In January and February, I visited Professor Walter Jetz’s lab at Yale University. The purpose of my visit was to start collaborating with Dr. Dan Rosauer (a post-doc in the Jetz lab) to develop a method for identifying areas containing unique groups of tree species. During my visit, I received training in the specific method and software which I will implement during my research.
In addition, I had the opportunity to participate in graduate seminar discussions led by Professor Jetz on hotly-debated ecological topics such as “niche conservatism” and the “heritability of species range sizes.” Chatting with members of the Jetz lab over many pad thai lunches was also a great learning experience, as I heard about their various research projects and discussed options for tackling some of the challenges in my own research.
As an added bonus, I also had the opportunity to attend a conference on Landscape-Scale Restoration in the Tropics organized by the International Society of Tropical Foresters. This was a great opportunity to network and to learn about research prospects in forest restoration in tropical areas around the world, including my study region.

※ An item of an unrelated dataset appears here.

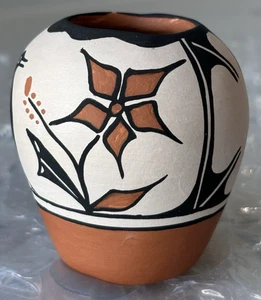 Vintage Hilda Tenorio Coriz fast neuwertig Santo Domingo Pueblo Keramik, kulturelle Dekoration Geschenk - Bild 1 von 11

This exchange visit was a very rewarding experience for me and I would encourage others to take advantage of such opportunities. This partnership started with a simple exchange of email communication. It is therefore important that researchers are encouraged and enabled to build collaborations as this fosters the exchange of ideas that knowledge is built on. The Santander grant offers a good chance for researchers to put their collaborative ideas into action.
Many thanks to the Santander grant for sponsoring me. Thanks to the BU Research Development Unit and Applied Sciences Administration Office for helping me to coordinate the details. Finally, thanks especially to Professor Jetz and the members of his lab, especially Dr. Dan Rosauer, for welcoming me and sharing their expertise.